Home education families and advocates are often criticized for isolating children and sheltering them from the 'real world'. Rare examples of children who have difficulty acclimating to a school environment after having formerly been home educated are used as fodder by critics in an attempt to prove that home education is faulty. Two main points are always raised, that the children are not given exposure to the 'real world' and that they are not properly socialized. I'd like to address these misunderstandings.

It is important that we first understand that the purpose of the modern government school system is indoctrination. This indoctrination process is performed using three main principles: Conformity, Training and Socialization. Once we understand this, we can begin to understand the weakness in the most popular Home Education criticisms.

Conformity

Indeed there are some isolated cases where a formerly home educated kid is plunked into a government school setting and struggles to conform. Immediately we see this as "failure" because we are now holding the child to that public school standard. Let us step outside the thinking box for a moment though, where we can view the forest from outside the tree line and realize that this is not a failure to "perform" it is actually a failure to "conform". The child is not conforming to a very specific and narrow pre-selected and predetermined set of criteria, chosen by those elusive bureaucrats that run that government system. These bureaucrats are at the mercy of the corporate sponsors who provide financial support. So in essence it is the corporate giants that get to dictate what the average child should "learn" (and I use the word loosely here). When child does not smoothly fall into place with that agenda we call it "failure".

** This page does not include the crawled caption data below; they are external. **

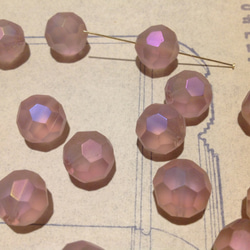 Vintage Matt pink facet AB beads ヴィンテージ ビーズ 1枚目の画像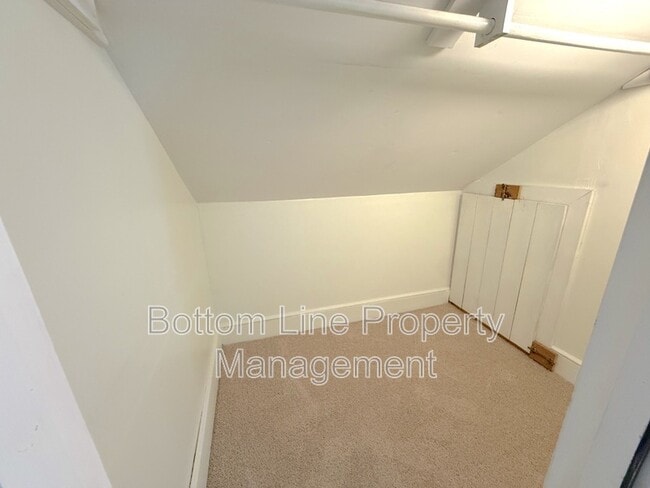 Building Photo - 2417 Bay St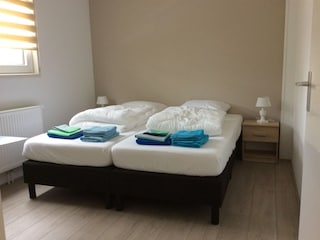 Unten ein Gehbehindertes Schlafzimmer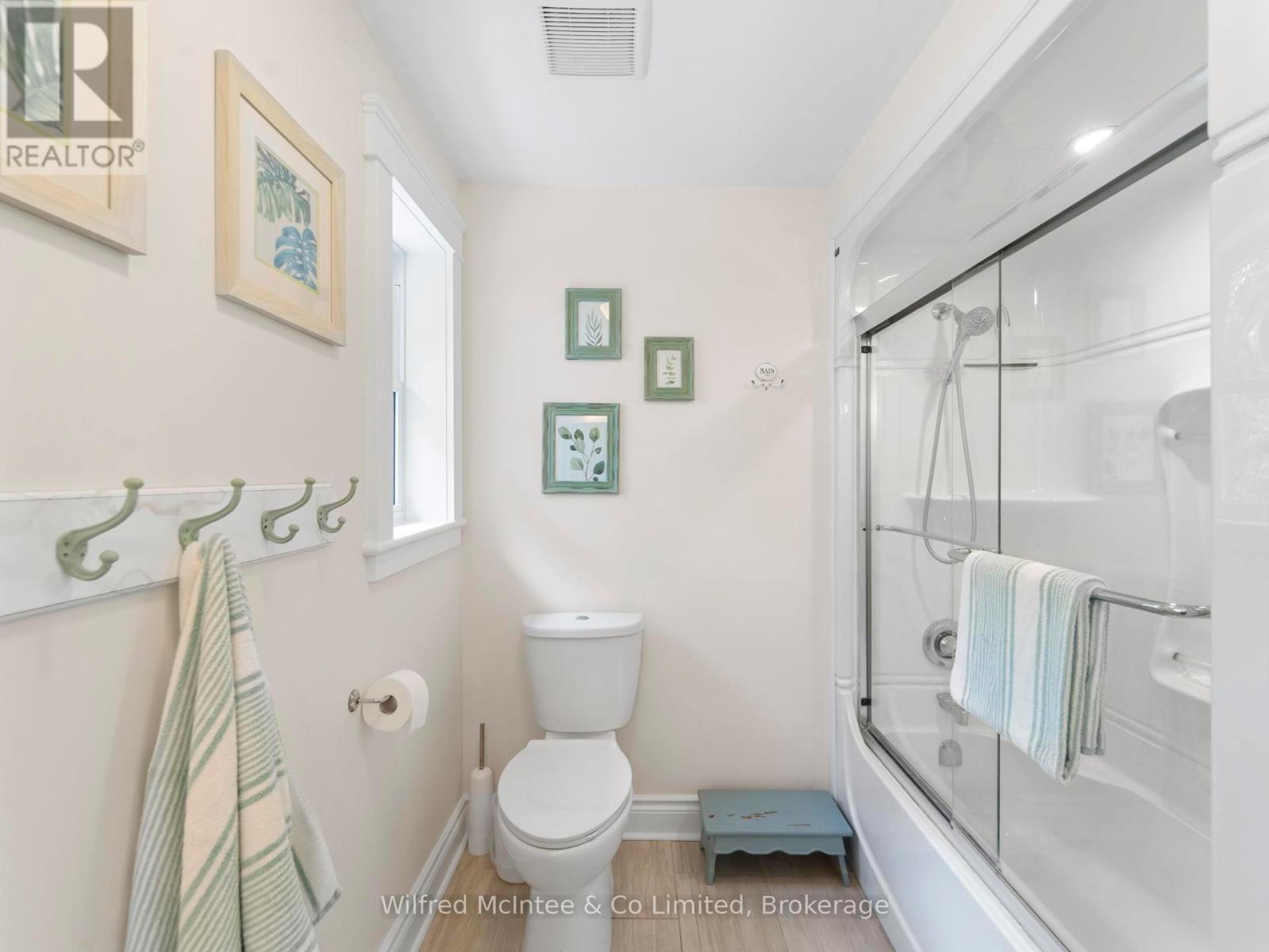 938 Old Durham Road, Brockton, Ontario  N0G 2V0 - Photo 24 - X12307440
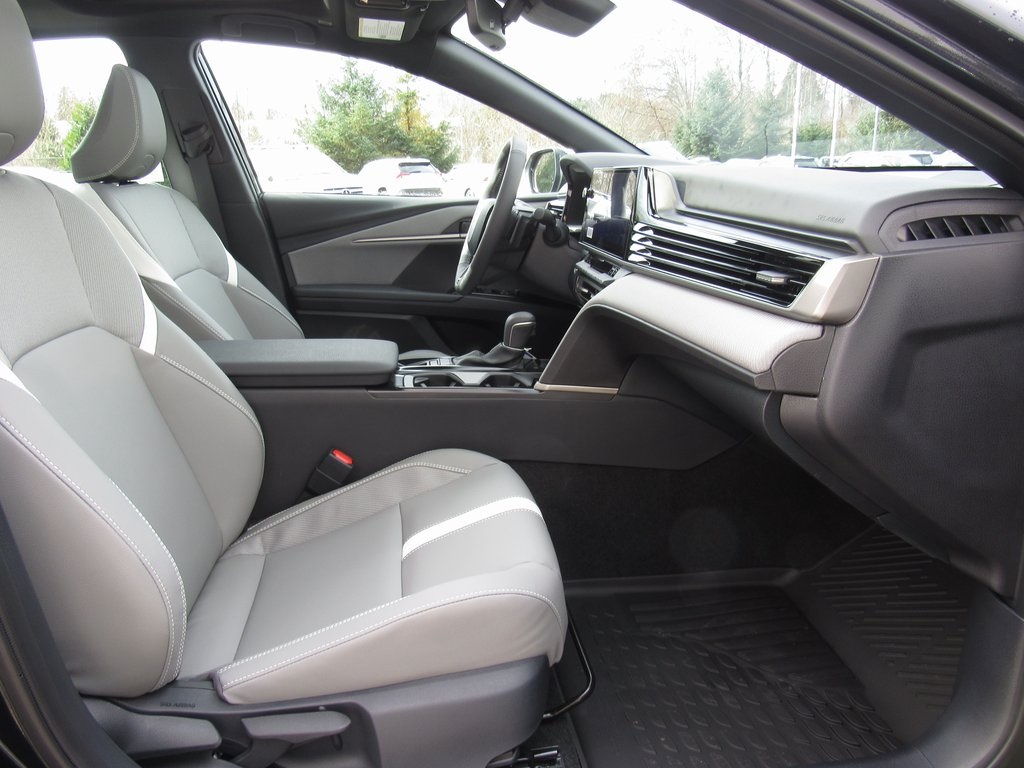 Vehicle image 20 of 36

As exemplified in popular home education criticisms, the mainstream seems to be caught in this mentality of blindly trusting that the government school system is the high king of learning. We hold children to those standards and very rarely consider who or what industry developed those standards. We don't ponder what they are based on or for what purpose they were developed. We as a society fail to ask ourselves these questions and so we go on thinking that if a child does not fit into that very particular mold then he/she is a failure.